Se habla del futuro como si este fuera a comenzar a partir de cierta señal, de cierto momento o de cierta fecha. Sin embargo, el futuro comienza segundo a segundo, mientras el tiempo marcha. El presente párrafo era futuro cuando se comenzó a leer esta columna. Y es pasado ahora que se lee el párrafo siguiente. El futuro es ahora. Es siempre lo que hacemos de él en el presente. "Nuestra ansiedad no proviene de pensar en el futuro, sino de intentar controlarlo", decía el inspirado poeta y ensayista libanés Kahlil Gibran (1883-1931), autor de El jardín del profeta, El vagabundo y El maestro, entre otras obras célebres. Ese intento no cesa, aun cuando haya sido siempre infructuoso. Responde a la arcaica e irrenunciable necesidad humana de encontrar explicación para todo, por más absurda que sea. El humano no puede ni sabe vivir sin predecir y sin explicar. Y desoye a la vida cuando esta le muestra una y otra vez, de la manera más sutil y del modo más contundente, que, aunque se resista, es una criatura que navega su existencia en el vasto mar de lo imprevisible y de lo inexplicable. Ayer nomás, en el último día del año pasado, nadie, ninguno de quienes hoy se agolpan y amontonan en la fila de los predictores, fue capaz de advertir y describir lo que nos ocurriría a partir de marzo.

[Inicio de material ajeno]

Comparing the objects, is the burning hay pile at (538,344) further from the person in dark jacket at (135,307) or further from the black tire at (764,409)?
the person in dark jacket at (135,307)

Acaso por eso cobra especial fuerza un pensamiento de Martin Luther King (1929-1968), enorme líder en la lucha por los derechos civiles de la población negra en Estados Unidos, comprometido militante pacifista e incansable trabajador contra la pobreza. "Incluso si supiera que mañana el mundo se hiciese añicos, aun plantaría hoy mi manzano", repetía King. Porque, en definitiva es hoy, sea en las condiciones que fuere, cuando se hace del futuro un porvenir. El futuro es solo un punto en la línea cronológica. El porvenir, en cambio, es aquello que cada uno hace de su futuro. Toda criatura viva tiene futuro. Es la ley del tiempo. No hay que hacer nada para ello, solo seguir vivo. Pero el porvenir depende de uno mismo, no se puede hacer responsable a otro de él, ni esperar que un futurólogo de cualquier pelaje lo prediga. De manera que antes de especular vanamente sobre el futuro, quizás lo mejor sea construir intensamente el porvenir en el presente.